Los jinetes rieron con estrépito.

El cabo acercó cuadrado la mecha ardiendo al oído, y a la detonación siguiose un salto de retroceso de la «araña».

La bala partió con sordo zumbido.

Este nuevo proyectil no dio tampoco en el blanco, aun cuando había sido mejor encaminado.

De la línea brasileña llegó en respuesta un segundo clamor, y de la oriental surgió de regimiento en regimiento como un coro indefinible de insectos gruñones, en que primaba la nota del alborozo.

El escobillón volvió por tercera vez a frotar el ánima en manos del fornido cambujo; el teniente a tomar el punto, imperturbable; y el cabo a soplar la mecha para arrimarla enseguida al ojo de la pieza.

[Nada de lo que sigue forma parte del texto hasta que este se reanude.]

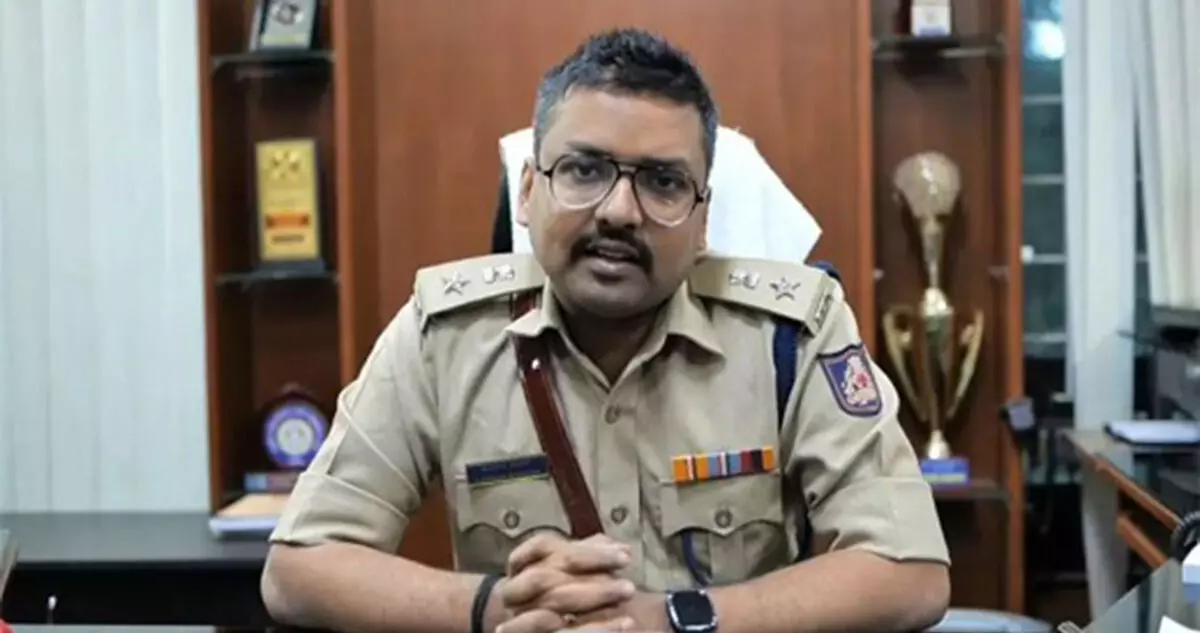 ಉಡುಪಿ ಜಿಲ್ಲೆಯಲ್ಲಿ 8 ತಿಂಗಳಲ್ಲಿ 8 ಕೊಲೆ ಪ್ರಕರಣ ದಾಖಲು: ಎಸ್ಪಿ ಹರಿರಾಂ ಶಂಕರ್ ಉಡುಪಿ ಜಿಲ್ಲೆಯಲ್ಲಿ 8 ತಿಂಗಳಲ್ಲಿ 8 ಕೊಲೆ ಪ್ರಕರಣ ದಾಖಲು: ಎಸ್ಪಿ ಹರಿರಾಂ ಶಂಕರ್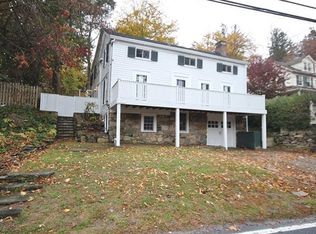 400 Quaker Rd, Chappaqua, NY 10514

El proyectil de esta vez produjo un ruido estridente, algo semejante a un silbido de viento huracanado: y cayendo casi encima de la línea del centro enemigo, estalló entre una nube de polvo, derribando dos caballos con sus jinetes.

Era un tarro de metralla.

En ese instante, Lavalleja recorría las filas y dirigía una fogosa arenga a sus escuadrones en batalla; de modo que este detalle emocionante unido al episodio ocurrido, originó en la masa de combatientes una explosión estruendosa de entusiasmo y de coraje.